Arduino IDE Arduino IDE — reptile_mqtt.ino sketch

Serial monitor Serial monitor — WiFi connection, MQTT connection, and sensor data

Reconnect test Reconnect test — MQTT reconnects automatically after WiFi disconnect


Step 4: I Built a Web Dashboard

I made a simple HTML dashboard to see the data in a browser. I kept it minimal because the goal was just to test the communication.

The browser uses MQTT.js to connect to Mosquitto over WebSocket.

What it shows: - Bottom and Top sensor temperature and humidity - Fan state (ON/OFF) and mode (Manual / Auto) - MQTT connection state (Connected / Disconnected)

Fan ON button: Turns on manual mode. The fan keeps running even below 27°C.

Fan OFF button: Turns off manual mode and returns to auto control.

The button color changes to show the current fan state.

MQTT dashboard Web dashboard — live sensor data and fan control buttons

Dashboard source code mqtt_dashboard.html source code (VS Code)
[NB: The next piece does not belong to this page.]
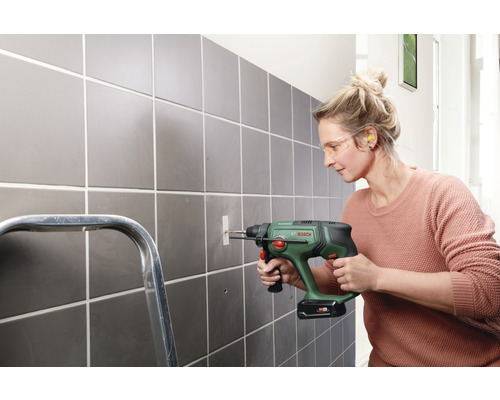 Een vrouw boort met een boormachine een gat in een betegelde muur. Ze draagt een veiligheidsbril en oordopjes.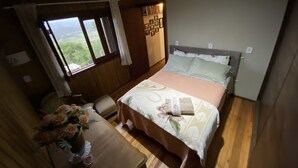 Une chambre avec un plafond en bois, un lit recouvert d’une literie à motifs floraux, une table de chevet ornée d’un vase de fleurs et une fenêtre donnant sur un paysage verdoyant.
Step 5: I Tested Everything

Test steps:

  1. Start the XIAO and watch the serial monitor
  2. Open http://192.168.11.201:8002/mqtt.html in the browser
  3. Check that sensor data updates every 5 seconds
  4. Press Fan ON and check that the fan starts
  5. Press Fan OFF and check that auto control returns

Results:

Test Result
WiFi connection ✅ OK
MQTT broker connection ✅ OK
Sensor data in browser (every 5 s) ✅ OK
Fan ON button (below 27°C) ✅ Fan started, button turned green
Fan OFF button → auto control ✅ Returned to auto
MQTT reconnect (WiFi disconnect test) ✅ Auto reconnect OK

Design Files

File Description
reptile_mqtt.ino XIAO ESP32C6 Arduino sketch
docker-compose.yml NAS Docker config
mosquitto.conf Mosquitto config file
mqtt_dashboard.html Web dashboard

Connection to Final Project

  • Remote monitoring: I can check the habitat environment from a phone or computer in real time.
  • Remote fan control: I can turn the fan on or off from anywhere on the network.
  • Easy to expand: I can add more MQTT topics to control the heater or humidifier using the same system.

What I Learned

  • MQTT is simple and powerful. The Publisher / Broker / Subscriber model makes it easy to connect devices and web pages.
  • Official Docker images save a lot of time. I used the Eclipse Mosquitto Docker image and did not need to write any server code. A small config file was enough.
  • Browsers need WebSocket for MQTT. Browsers cannot open TCP sockets directly. I needed to add a WebSocket listener in Mosquitto.
  • A flag keeps manual and auto control clean. The manualOverride flag made it easy to separate web button control from temperature-based auto control.
  • Docker on a NAS is a great local server. Running containers on the NAS gives a stable 24-hour server without any extra hardware.